Arm Announces Mobile Armv9 CPU Microarchitectures: Cortex-X2, Cortex-A710 & Cortex-A510
by Andrei Frumusanu on May 25, 2021 9:00 AM EST- Posted in
- SoCs
- CPUs
- Arm
- Smartphones
- Mobile
- Cortex
- ARMv9
- Cortex-X2
- Cortex-A710
- Cortex-A510
New DSU-110 L3 & Cluster: Massively More Bandwidth
Alongside the new CPU microarchitectures, Arm today is also announcing a new L3 design in the form of the new DSU-110. The “DynamIQ Shared Unit” had been the company’s go-to cluster and “core complex” block ever since it was introduced in 2017 with the Cortex-A75 and Cortex-A55. While we’ve seen small iterative improvements, today’s DSU-110 marks a major change in how the DSU operates and how it promises to scale up in cache size and bandwidth.
The new DSU-110 is a ground-up redesign with an emphasis on more bandwidth and more power efficiency. It continues to be the core building block for all of Arm’s mobile and lower tier market segments.
A key metric is of course the increase of L3 cache configuration which will now go up to 16MB this generation. This is of course the high-end of the spectrum and generally we shouldn’t expect such a configuration in a mobile SoC soon, but Arm has had several slides depicting larger form-factor implementations using such a larger design housing up to 8 Cortex-X2 cores. This is undoubtedly extremely interesting for a higher-performance laptop use-case.
The bandwidth increase of the new design is also significant, and applies from single-thread to multi-threaded scenarios. The new DSU-110 promises aggregate bandwidth increases of up to 5x compared to the contemporary design.
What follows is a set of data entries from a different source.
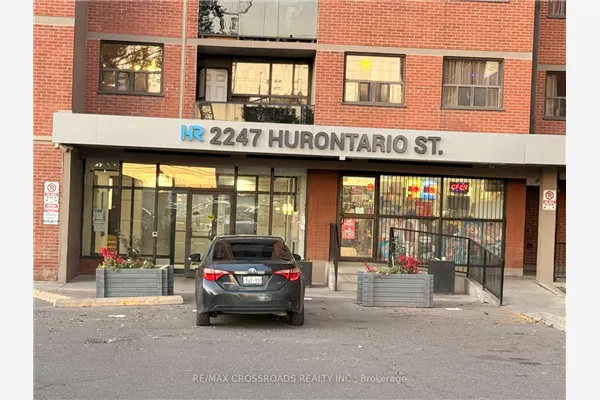 2247 Hurontario Street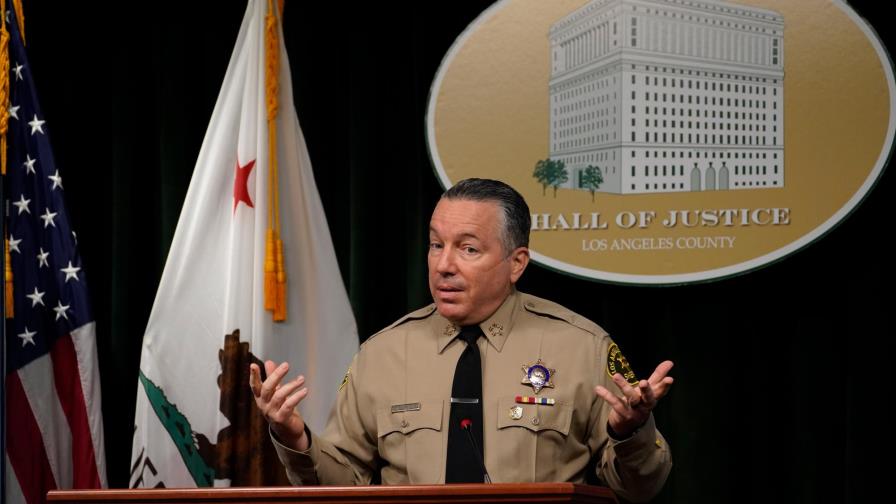 Hombre negro que murió en Los Ángeles a manos de policias recibió 19 disparos Hombre negro que murió en Los Ángeles a manos de policias recibió 19 disparos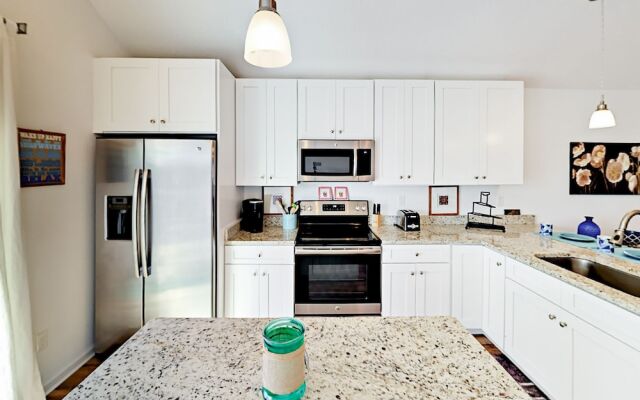 5395 Third - 3 Br Home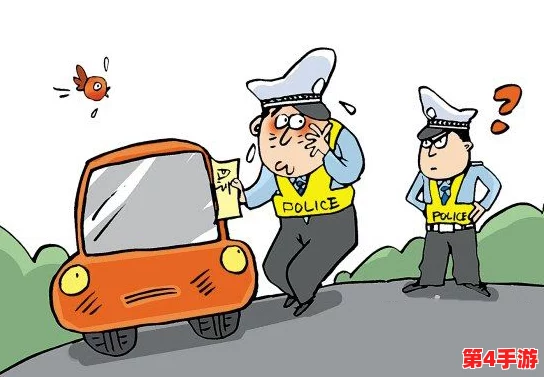 交警用小xue查酒驾hnph 网友热议:科技助力交通安全,醉驾无处遁形! 交警用小xue查酒驾hnph 网友热议:科技助力交通安全,醉驾无处遁形!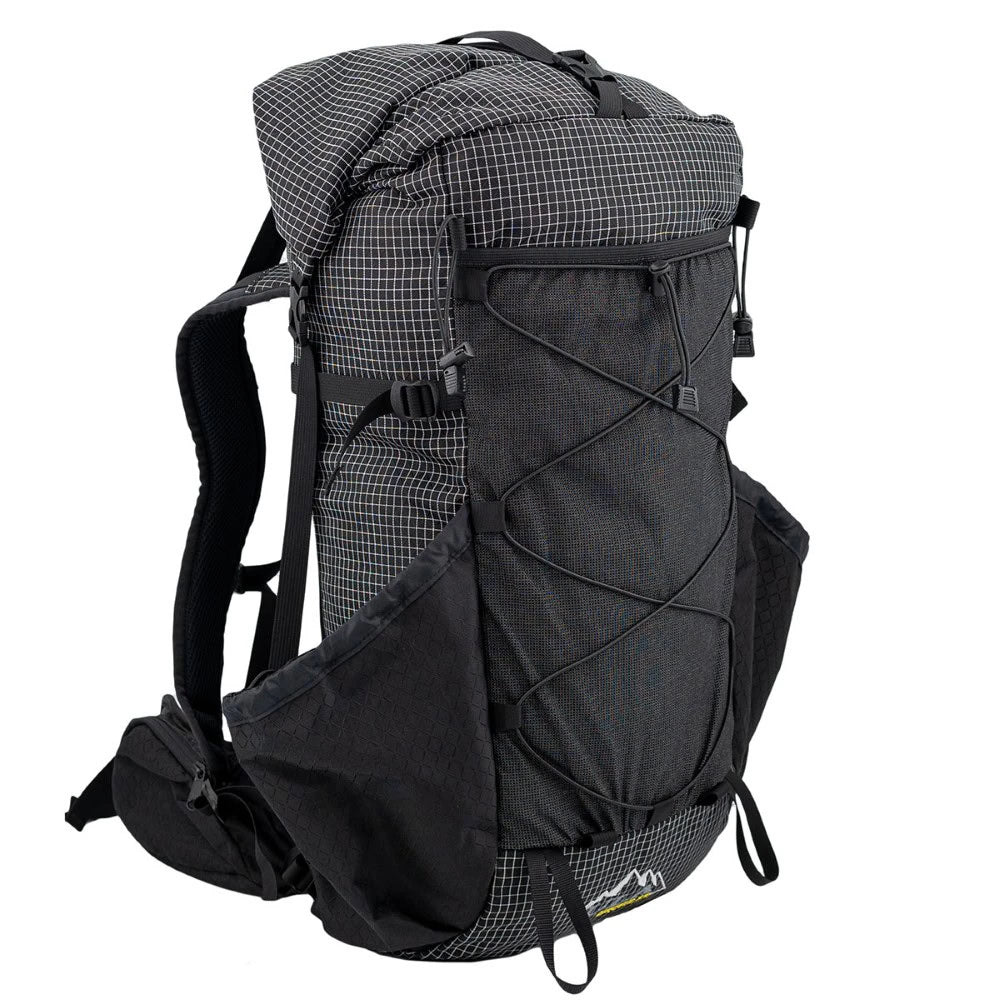 【ULA-Ultralight Adventure Equipment】ウルトラライトアドベンチャーイクイップメント Circuit SV "3Color"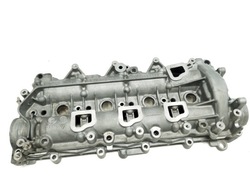 Citroen berlingo 1.5 синий hdi крышка клапанов валы распределительный вал 9812647280 фото №1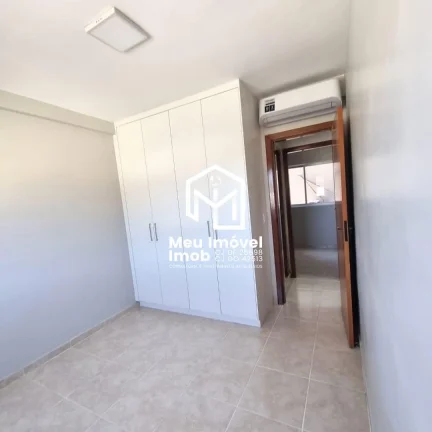 Imagem Apartamento em Vila Juracy - Luziânia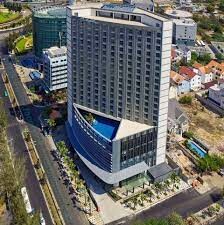 Khách Sạn Malibu 1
More interesting is the fact that it also significantly boosts single-core bandwidth, and Arm here actually notes that the new DSU can actually support more bandwidth than what’s actually capable of the new core microarchitectures for the time being.
Arm never really disclosed the internal topology of the previous generation DSU, but remarks that with the DSU-110 the company has shifted over to a bi-directional dual-ring transport topology, each with four ring-stops, and now supporting up to 8 cache slices. The dual-ring structure is used to reduce the latencies and hops between ring-stops and in shorten the paths between the cache slices and cores. Arm notes that they’ve tried to retain the same lower access latencies as on the current generation DSU (cache size increases aside), so we should be seeing very similar average latencies between the two generations.
Parallel access increases for bandwidth as well as more outstanding transactions seem to have been also very important in order to improve performance, which seems very exciting for upcoming SoC designs, but also puts into more question the previously presented CPU IPC improvements and exactly how much the new DSU-110 contributes to those numbers.
Architecturally, one important change to the capabilities of the DSU-110 is support for MTE tags, a upcoming security and debugging feature promising to greatly help with memory safety issues.
The new DSU can scale up to 4x AMBA CHI ports, meaning we’ll have up to 1024-bit total bi-directional bandwidth to the system memory. With a theoretical DSU clock of around 2GHz this would enable bandwidth of up to 256GB/s reads or writes, or double that when combined, plenty enough to be able to saturate also eventual high-end laptop configurations.
In terms of power efficiency, the new DSU offers more options for low-power operation when in idle situations, implementing partial L3 power-down, able to reduce leakage power of up to 75% compared to the current DSU.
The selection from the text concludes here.